2. The clean-burn elastic heat-resistant composition of claim 1,wherein the rubber base material is one or a combination of two or more selected from the group consisting of nitrile rubber (NBR), natural rubber (NR), styrene-butadiene rubber (SBR), chloroprene rubber (CR), butyl rubber (IR), ethylene-propylene rubber (EPDM), hypalon rubber (CSM), acrylic rubber (ACM / ANM), fluororubber (FPM), silicone rubber (SIU), and butadiene rubber (BR).
3. The clean-burn elastic heat-resistant composition of claim 2,wherein the ethylene-propylene rubber (EPDM) is solid ethylene-propylene rubber (EPDM), liquid ethylene-propylene rubber (EPDM), or a combination of solid ethylene-propylene rubber (EPDM) and liquid ethylene-propylene rubber (EPDM).
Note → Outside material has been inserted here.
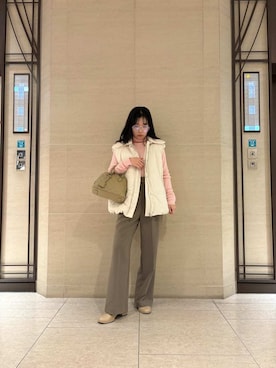 「アイテム（ダウンベスト）」を使った、Mila Owenさん（レディース・155cm）の秋コーディネート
4. The clean-burn elastic heat-resistant composition of claim 1,wherein the additive further comprises, as an additional component, one or a combination of two or more selected from the group consisting of oxamide, carbon black, polyimide (PI), polyetheretherketone (PEEK), polytetrafluoroethylene (PTFE), and polybenzimidazole (PBI).
5. The clean-burn elastic heat-resistant composition of claim 4,wherein the additional component is present in an amount of 5 to 100 phr based on the rubber base material.
6. The clean-burn elastic heat-resistant composition of claim 1,wherein the vulcanizing agent is present in an amount of 0.1 to 30 phr based on the rubber base material.
7. A method for manufacturing a clean-burn elastic heat-resistant material,using the composition of claim 1.
8. A clean-burn elastic heat-resistant material, comprising the composition of claim 1.